Ramping up energy investments needs to be accompanied by strategies to reduce emissions from the region's relatively young fleet of coal-fired plants, the IEA said in a report.
It added that rapid economic expansions were expected to pose challenges for energy security and climate goals.
However, a push to close coal power plants in emerging markets, backed by rich Western nations, is facing delays after a July deadline passed without a deal on the early closure of an Indonesian pilot project.
Electricity demand in Southeast Asia is set to grow at an annual rate of 4 per cent in the coming years, with clean energy sources such as wind and solar, alongside modern bioenergy and geothermal power, projected to meet more than a third of the growth in energy demand in the region by 2035, the IEA report says.
Still, it would not be enough to rein in the region's energy-related carbon dioxide (CO2) emissions, which are set to increase by 35 per cent between now and mid-century, it says.
"Clean energy technologies are not expanding quickly enough and the continued heavy reliance on fossil fuel imports is leaving countries highly exposed to future risks," the IEA's executive director Fatih Birol said.
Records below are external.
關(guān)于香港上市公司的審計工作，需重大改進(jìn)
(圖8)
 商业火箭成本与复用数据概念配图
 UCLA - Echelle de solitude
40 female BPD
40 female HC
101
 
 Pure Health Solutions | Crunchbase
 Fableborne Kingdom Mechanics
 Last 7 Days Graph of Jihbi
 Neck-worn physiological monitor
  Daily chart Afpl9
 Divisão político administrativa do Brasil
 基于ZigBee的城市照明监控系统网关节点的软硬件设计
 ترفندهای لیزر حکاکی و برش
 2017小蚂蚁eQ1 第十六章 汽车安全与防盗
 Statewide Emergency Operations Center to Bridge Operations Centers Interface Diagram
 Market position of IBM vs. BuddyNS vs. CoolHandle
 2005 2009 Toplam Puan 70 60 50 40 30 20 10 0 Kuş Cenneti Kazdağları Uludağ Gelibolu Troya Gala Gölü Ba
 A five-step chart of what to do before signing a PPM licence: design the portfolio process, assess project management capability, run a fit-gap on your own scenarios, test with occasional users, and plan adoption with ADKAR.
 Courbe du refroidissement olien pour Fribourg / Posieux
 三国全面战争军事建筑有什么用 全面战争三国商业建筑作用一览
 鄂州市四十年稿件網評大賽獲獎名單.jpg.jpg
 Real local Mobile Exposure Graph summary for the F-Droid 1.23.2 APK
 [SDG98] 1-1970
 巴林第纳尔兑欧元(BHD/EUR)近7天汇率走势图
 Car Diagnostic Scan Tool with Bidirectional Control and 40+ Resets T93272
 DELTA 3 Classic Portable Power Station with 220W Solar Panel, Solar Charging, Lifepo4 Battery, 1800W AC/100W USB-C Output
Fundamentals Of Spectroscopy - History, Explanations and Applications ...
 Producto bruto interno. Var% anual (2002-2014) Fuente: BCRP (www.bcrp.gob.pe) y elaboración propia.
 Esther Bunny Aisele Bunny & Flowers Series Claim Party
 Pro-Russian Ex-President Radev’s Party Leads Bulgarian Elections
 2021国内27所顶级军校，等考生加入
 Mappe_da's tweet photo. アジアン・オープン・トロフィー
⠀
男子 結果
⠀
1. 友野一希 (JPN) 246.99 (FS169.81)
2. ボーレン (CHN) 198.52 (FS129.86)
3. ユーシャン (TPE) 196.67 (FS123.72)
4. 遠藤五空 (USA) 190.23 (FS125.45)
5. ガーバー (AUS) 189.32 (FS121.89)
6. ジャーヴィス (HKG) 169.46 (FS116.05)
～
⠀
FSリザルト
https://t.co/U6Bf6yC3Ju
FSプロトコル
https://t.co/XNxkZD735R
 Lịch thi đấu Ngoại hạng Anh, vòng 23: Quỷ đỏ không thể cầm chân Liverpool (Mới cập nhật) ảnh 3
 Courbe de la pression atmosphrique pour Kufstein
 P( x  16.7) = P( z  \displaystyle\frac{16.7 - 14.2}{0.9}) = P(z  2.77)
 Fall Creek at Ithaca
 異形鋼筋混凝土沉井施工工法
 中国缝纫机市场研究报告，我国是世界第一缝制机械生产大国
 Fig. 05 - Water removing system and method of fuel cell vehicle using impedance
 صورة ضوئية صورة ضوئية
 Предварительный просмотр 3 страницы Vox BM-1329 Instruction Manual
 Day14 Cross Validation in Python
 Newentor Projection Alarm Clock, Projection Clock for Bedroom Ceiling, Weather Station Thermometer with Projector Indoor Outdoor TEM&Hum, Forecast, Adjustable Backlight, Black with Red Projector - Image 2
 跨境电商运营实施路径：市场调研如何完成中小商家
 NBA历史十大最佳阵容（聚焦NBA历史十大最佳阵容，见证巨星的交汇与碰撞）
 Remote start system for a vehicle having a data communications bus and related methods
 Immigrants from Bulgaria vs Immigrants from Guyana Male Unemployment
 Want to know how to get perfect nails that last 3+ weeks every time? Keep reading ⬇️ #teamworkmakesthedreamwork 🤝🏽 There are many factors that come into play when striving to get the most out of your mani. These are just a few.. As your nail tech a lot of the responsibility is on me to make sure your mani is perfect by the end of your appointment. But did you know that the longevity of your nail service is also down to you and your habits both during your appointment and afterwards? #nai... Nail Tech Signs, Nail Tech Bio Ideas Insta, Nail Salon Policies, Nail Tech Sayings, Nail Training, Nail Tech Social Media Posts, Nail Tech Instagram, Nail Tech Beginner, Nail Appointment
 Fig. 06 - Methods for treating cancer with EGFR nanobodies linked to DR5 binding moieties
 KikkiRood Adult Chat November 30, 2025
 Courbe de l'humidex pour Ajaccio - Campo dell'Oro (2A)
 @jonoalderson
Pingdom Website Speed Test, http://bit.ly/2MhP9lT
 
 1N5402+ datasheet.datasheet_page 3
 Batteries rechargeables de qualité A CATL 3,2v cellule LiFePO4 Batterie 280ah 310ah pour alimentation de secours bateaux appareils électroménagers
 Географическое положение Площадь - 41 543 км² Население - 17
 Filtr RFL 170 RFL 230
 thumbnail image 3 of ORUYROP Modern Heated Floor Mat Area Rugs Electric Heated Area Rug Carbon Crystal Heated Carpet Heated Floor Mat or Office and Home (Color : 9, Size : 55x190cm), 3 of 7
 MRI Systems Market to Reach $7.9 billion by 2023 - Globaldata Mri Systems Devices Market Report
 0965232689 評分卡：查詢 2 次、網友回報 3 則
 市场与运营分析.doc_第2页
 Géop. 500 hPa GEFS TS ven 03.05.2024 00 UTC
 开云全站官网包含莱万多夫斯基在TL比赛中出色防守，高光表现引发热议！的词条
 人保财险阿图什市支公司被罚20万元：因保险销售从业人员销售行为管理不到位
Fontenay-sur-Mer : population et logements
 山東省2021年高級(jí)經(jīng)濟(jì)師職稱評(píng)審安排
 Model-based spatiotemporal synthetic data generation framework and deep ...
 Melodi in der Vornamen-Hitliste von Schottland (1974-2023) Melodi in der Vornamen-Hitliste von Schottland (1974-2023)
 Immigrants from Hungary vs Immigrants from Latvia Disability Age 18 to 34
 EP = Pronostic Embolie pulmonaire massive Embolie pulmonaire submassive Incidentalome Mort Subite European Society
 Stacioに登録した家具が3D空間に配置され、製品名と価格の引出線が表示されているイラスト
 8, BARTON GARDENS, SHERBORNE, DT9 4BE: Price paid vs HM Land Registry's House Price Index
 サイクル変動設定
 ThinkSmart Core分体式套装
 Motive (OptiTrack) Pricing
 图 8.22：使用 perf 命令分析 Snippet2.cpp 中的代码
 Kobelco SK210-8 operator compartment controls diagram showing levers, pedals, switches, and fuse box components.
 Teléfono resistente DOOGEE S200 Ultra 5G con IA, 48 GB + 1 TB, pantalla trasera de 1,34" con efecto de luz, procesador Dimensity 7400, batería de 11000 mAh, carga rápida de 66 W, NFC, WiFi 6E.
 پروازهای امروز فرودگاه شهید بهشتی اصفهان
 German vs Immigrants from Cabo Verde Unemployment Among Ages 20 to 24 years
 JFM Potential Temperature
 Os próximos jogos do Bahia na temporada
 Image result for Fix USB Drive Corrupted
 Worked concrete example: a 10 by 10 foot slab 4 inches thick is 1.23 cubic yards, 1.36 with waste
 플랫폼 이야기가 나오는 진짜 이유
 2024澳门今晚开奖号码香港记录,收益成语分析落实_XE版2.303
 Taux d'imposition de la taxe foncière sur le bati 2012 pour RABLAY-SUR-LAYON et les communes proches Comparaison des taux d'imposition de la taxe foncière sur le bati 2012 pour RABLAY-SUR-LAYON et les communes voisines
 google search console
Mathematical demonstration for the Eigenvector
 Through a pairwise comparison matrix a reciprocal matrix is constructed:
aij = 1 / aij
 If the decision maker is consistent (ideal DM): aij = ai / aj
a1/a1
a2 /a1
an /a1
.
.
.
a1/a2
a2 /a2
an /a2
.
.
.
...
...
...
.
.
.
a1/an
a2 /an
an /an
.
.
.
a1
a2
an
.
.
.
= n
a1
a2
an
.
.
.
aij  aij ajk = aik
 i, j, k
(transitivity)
The region as a whole attracts only 2 per cent of global clean energy investment despite accounting for 6 per cent of global GDP, 5 per cent of global energy demand and being home to 9 per cent of the world's population, according to the report.
Expanding and modernizing the region's power grids to support greater shares of variable renewable energy will require annual investment to double to nearly $30 billion by 2035, the IEA said.